INSTRUCTIONS FOR THE TASK:
Using the listing that follows, filter out every line lacking the string "Marsproxies" and return the rest.
——
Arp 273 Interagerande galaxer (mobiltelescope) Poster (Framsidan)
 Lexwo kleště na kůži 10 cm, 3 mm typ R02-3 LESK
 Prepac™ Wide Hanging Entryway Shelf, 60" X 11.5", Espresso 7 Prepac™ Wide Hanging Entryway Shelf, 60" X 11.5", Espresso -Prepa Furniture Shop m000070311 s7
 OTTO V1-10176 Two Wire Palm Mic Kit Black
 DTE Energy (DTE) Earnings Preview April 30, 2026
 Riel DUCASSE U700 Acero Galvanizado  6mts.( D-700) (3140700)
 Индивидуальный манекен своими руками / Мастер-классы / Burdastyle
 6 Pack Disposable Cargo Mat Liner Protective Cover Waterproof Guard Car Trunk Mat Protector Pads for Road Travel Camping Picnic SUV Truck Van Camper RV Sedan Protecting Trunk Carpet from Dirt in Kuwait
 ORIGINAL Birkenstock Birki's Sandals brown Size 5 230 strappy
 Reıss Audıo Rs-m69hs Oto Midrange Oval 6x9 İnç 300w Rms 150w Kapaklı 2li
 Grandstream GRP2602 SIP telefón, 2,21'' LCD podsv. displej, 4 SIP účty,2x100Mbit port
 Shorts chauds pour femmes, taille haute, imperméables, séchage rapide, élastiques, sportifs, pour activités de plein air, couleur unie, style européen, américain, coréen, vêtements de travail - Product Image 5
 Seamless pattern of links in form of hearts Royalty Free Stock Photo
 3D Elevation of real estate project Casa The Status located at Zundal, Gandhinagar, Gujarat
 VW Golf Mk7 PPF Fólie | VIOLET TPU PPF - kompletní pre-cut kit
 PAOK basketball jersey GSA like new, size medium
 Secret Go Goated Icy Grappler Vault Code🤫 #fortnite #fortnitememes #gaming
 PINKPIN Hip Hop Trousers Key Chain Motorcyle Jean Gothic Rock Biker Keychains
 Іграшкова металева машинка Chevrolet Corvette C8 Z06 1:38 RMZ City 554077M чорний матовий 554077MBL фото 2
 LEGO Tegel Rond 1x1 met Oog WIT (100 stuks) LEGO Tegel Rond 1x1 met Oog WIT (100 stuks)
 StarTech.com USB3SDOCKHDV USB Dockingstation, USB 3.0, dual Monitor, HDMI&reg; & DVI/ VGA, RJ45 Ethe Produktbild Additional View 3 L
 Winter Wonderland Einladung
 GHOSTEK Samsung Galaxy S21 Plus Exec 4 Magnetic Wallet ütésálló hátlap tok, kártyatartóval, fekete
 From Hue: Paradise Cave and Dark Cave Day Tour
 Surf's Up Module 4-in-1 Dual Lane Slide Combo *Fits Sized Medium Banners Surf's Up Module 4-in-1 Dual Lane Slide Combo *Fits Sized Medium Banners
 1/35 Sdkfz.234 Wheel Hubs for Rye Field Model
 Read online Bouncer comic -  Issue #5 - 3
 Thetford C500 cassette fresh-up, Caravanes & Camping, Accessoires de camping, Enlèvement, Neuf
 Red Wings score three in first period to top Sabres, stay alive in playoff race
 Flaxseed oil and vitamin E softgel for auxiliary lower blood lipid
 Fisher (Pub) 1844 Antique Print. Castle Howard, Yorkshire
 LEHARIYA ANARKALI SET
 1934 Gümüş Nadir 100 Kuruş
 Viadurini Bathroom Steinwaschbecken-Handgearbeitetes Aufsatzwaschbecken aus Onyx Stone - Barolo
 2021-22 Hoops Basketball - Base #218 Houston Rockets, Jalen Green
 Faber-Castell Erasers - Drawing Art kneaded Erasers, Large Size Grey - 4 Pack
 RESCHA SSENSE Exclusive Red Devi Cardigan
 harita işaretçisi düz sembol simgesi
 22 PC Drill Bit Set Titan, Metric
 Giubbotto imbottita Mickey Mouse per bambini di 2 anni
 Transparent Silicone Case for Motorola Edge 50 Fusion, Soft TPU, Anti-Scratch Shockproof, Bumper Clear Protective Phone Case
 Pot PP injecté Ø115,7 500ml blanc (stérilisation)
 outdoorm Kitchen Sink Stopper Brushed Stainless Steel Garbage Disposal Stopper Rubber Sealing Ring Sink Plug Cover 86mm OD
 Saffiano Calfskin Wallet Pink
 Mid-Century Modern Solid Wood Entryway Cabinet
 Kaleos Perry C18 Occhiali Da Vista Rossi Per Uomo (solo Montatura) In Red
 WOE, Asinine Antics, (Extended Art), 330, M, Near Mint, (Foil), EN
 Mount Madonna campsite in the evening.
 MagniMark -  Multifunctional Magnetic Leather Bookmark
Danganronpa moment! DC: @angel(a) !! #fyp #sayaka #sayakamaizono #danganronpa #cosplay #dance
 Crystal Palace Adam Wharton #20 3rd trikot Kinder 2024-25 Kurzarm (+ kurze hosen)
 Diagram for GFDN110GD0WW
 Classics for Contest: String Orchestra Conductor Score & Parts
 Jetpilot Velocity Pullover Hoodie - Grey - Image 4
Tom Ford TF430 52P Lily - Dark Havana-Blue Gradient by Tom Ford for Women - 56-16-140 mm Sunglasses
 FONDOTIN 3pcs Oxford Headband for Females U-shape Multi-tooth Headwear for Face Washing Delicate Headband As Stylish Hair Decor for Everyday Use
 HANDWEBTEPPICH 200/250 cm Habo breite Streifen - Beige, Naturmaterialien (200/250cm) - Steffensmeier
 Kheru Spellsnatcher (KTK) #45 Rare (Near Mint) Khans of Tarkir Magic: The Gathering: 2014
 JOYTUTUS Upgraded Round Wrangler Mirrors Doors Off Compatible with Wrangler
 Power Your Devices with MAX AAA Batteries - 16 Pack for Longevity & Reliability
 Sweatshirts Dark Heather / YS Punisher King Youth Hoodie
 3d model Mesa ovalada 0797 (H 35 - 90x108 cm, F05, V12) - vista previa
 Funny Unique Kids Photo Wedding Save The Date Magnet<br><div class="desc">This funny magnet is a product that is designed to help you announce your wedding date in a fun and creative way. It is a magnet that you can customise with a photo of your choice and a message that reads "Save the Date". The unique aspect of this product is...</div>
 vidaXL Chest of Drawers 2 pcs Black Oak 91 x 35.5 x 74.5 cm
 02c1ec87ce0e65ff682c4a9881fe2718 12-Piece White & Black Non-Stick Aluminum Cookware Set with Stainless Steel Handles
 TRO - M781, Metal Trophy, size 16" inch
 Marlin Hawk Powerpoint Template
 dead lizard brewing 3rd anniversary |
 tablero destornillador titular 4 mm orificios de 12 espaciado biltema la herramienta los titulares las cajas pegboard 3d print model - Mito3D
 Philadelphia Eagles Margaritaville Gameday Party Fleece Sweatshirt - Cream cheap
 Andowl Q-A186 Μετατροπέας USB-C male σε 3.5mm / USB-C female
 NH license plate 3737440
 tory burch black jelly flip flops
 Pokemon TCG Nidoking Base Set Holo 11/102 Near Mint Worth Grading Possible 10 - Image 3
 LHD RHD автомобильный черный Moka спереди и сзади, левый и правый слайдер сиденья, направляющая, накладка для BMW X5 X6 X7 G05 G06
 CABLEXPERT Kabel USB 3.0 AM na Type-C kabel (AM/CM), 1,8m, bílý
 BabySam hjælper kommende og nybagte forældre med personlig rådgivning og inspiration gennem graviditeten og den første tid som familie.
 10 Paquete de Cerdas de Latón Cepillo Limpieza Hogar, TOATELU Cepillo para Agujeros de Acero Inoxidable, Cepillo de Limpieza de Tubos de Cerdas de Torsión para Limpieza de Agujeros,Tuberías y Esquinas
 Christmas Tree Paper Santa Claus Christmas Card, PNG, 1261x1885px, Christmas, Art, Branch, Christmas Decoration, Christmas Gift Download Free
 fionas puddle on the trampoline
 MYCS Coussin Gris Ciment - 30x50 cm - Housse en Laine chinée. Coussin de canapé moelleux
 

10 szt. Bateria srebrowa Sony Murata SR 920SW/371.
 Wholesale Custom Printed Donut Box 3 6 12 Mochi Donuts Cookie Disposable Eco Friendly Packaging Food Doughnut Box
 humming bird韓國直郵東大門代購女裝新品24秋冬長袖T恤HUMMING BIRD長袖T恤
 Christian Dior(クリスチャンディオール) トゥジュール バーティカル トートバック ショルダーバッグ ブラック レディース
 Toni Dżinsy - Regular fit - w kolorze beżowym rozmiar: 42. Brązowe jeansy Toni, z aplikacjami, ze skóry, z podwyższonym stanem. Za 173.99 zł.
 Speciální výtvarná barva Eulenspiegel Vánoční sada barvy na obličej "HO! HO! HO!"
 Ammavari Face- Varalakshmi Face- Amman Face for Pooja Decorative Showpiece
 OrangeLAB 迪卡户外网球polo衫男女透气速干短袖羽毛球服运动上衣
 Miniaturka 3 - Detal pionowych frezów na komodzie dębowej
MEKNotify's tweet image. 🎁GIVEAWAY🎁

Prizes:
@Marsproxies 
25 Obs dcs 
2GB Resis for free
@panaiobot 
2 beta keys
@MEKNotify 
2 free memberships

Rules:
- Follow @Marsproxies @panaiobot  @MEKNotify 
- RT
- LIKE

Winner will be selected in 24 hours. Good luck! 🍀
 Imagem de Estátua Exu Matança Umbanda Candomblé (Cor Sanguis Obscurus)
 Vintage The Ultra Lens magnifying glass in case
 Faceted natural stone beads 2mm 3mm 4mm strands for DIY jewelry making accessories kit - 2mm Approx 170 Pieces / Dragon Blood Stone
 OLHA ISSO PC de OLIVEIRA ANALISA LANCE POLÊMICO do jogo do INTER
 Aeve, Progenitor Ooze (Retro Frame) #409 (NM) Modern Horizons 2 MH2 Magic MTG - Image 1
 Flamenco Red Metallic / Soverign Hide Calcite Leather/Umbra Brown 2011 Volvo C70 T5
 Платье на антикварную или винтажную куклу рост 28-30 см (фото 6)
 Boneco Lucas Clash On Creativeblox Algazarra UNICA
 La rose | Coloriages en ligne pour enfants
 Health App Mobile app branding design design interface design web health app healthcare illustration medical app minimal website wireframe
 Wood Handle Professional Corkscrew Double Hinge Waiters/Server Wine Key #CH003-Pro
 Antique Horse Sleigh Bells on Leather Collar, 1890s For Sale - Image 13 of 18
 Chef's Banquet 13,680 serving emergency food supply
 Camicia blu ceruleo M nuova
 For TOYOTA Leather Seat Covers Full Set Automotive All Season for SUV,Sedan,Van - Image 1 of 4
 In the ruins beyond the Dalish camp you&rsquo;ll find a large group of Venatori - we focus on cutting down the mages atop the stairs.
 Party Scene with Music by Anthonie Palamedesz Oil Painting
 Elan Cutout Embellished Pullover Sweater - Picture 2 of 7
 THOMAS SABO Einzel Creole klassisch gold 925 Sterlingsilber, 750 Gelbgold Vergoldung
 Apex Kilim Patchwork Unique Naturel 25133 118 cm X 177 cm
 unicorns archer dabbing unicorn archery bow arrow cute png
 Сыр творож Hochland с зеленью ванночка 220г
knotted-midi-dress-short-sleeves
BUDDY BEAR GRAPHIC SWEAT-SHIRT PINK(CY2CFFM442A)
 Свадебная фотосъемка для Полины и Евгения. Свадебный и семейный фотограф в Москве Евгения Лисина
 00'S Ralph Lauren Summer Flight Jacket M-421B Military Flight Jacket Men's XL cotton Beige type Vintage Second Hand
——
EXERCISE SOLUTION:
@Marsproxies 
- Follow @Marsproxies @panaiobot  @MEKNotify 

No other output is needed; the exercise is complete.